THERE WILL BE NOTHING I CAN DO ABOUT IT
except
SCREAM
cry
B*tc&
MOAN
and pass out.

but for seriously...whyyyyyyyyyyyyyyyyyyy!!!!!!!!!
{insert breathy stuttered tears of utter frustration here}

hope you enjoyed the "it's a good decision to take a photo-booth pic of how tired i am on my computer, right?" image i shared with you all!
we don't have pudding here-
the proof comes in the pictures.

Friday, November 6, 2009

Handmade Holidays 2009!!

I am super, SUPER, SuPeR excited to share this with you!!
I have been working away with Emily this week on a super fun project
but it's also taken away from my time to write and visit you all so I'm sorry for that!
The good news is I swear you'll think this is so much better than reading what I have to say! :)

Starting on Monday, you will NOT want to miss visiting Frenchie & Flea for the next two weeks!

Emily & I took a Handmade Holiday Pledge.
This Christmas ALL of our gifts will be made by us or purchased from the hand making's of others.
12 Etsy Store owners have agreed to team up with us and each day for the next 12 business days we will be featuring one Etsy store + the store will be offering a giveaway!

The giveaways will happen EVERY day!
This means you CANNOT miss a day.
(ok you CAN but why would you want to?! :)
Leave a comment in the morning and you could win by dinner time!

No joke, you guys are going to FREAK out at what these amazingly talented women are giving away.
We REALLY hope this encourages you to support them and other locally owned shops or Etsy merchants!
SO. MUCH. FUN!!!

Thursday, November 5, 2009

Praise Report!

I wanted to share with you a Praise Report :)
Yesterday afternoon I went home, walked in the doors, and left.
Our whole house felt too heavy!

Last night when I returned with my son and my husband it was priority number one to open up the Bible and sit in his room and pray.

I have to admit,
I felt awkward telling my husband that I felt the evil presence again.
Before it could have been chalked up to crazy postpartum hormones
this time I had nothing else to excuse my senses with.

I told him what I felt and what I saw and the first thing he said was,
"I believe you."
The second thing he said was,
"Our son is not sleeping in that room until we feel it's OK."

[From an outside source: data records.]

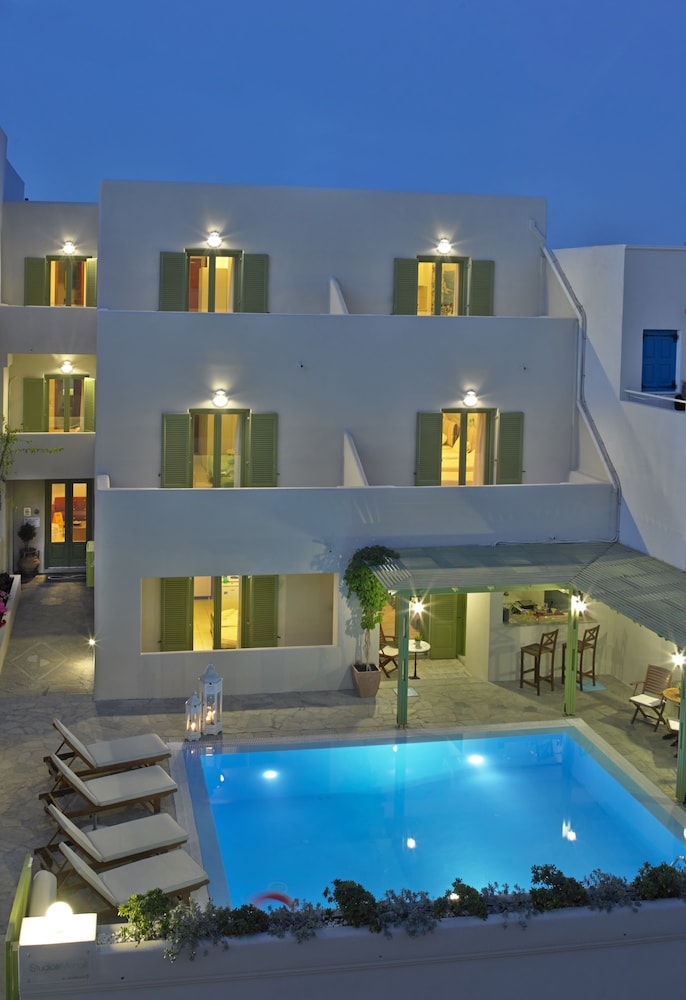 Studios Marios — Hotel building in Kamari, South Aegean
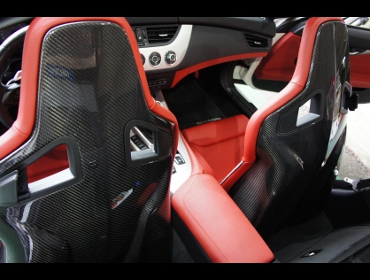 BMW�@Z4�@E89�i2010�N�j�@�Ɂ@RECARO�i���J���j�@�X�|�[�c�X�^�[LL100H���U�[SE�@RED���U�[�@�o�b�N�J�[�{���V�F���@�~���E�@����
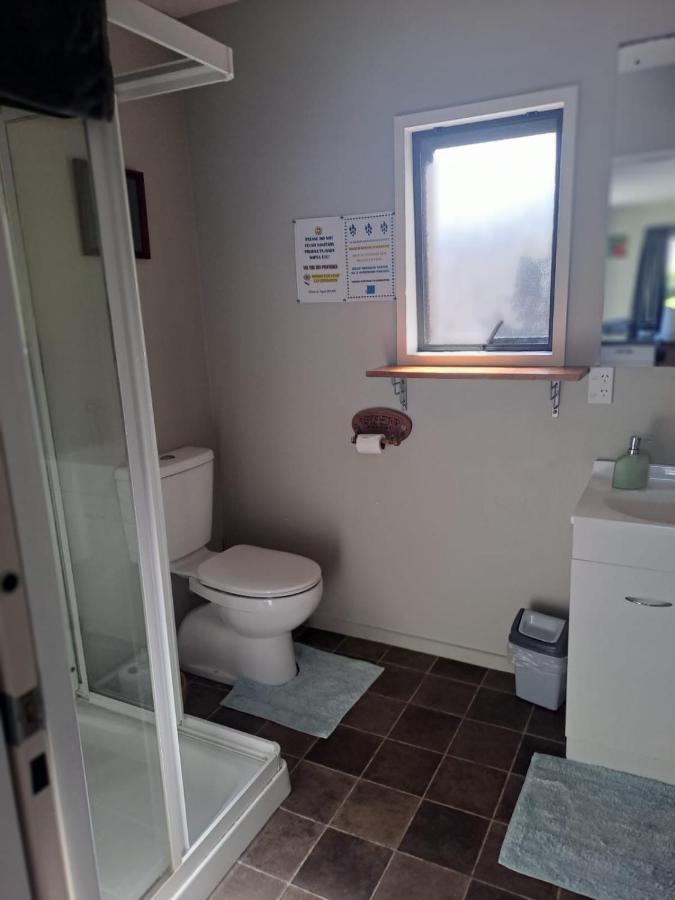 Koru Beachfront Holiday Cabins & Hot Tub 巴里敦 外观 照片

We pulled out the Bible and opened it to Psalm 91.
It was the same scripture I read a year ago.
When I couldn't find my grown up bible, I busted out the one of my youth.
This time I saw a note on the scripture that said, "Thailand 2005"
I had forgotten about the warfare I felt there and how that scripture pulled me through when I was there.
We read the scripture allowed and I began to pray.
With a strong, AMEN, my husband said,
"Wait. I want to pray, too."
With that we began again and immediately his body was overcome with chills.
He stopped and said,
"Allegra! My body is physically reacting. I feel it!"
He began to pray like I'd never heard.
Commanding the devil out and inviting the angels in.
We kept at it until we felt the peace flowing--
and it did!

We filled the room with K-LOVE that night and kept the scripture open on the changing table.

The peace we felt after that was overwhelming.

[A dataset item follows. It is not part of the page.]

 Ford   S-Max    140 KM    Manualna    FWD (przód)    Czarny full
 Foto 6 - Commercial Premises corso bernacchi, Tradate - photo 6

We will continue to pray for our home and hearts protection.

THANK YOU for praying!! THANK YOU!!!

Wednesday, November 4, 2009

Angels, be present!

There are a lot of things I do that could qualify me as crazy: I won't walk on our bathroom floor in bare feet, I won't build a sand castle because I hate getting my hands dirt-dirty, I won't use the utensils at work because they're washed with a sponge vs. a dishwasher...
There are other things that make me feel crazy but I have to acknowledge I'm not.
Spiritual sensitivity.

In this area that makes me feel crazy, I have to resist the urge to say, "I'm making this up," and to press forward in prayer and invitation toward others to pray with me.

When my son was about three months old I began having vivid visualizations and feelings of the presence of evil in our home. It scared me, it forced me out of my house, and it made me invite prayer warriors in. What I learned in a more real way than I ever had was that spiritual warfare was alive and active.

It has been a little over a year since I have felt anything like that in our home but recently it has returned. For the past two weeks, my son has awoken in the night around midnight routinely, crying. Every time I go to him, I walk in his room and feel scared. I feel something beyond my understanding.

I crawled into his bed with him last night as he screamed. I faced him and the wall and I had a very strong fear of keeping my back to the door. I eased myself out of his bed as he calmed down to lay on the floor but felt fear again. I did not want to lay myself down beside his bed, I felt there was something under it. I felt surrounded by a presence of evil in the most innocent room in our home.

I began to pray again as I do when I tuck him in, "Lord, put your angels in all four corners of his room, put your angels above all four corners of his bed..."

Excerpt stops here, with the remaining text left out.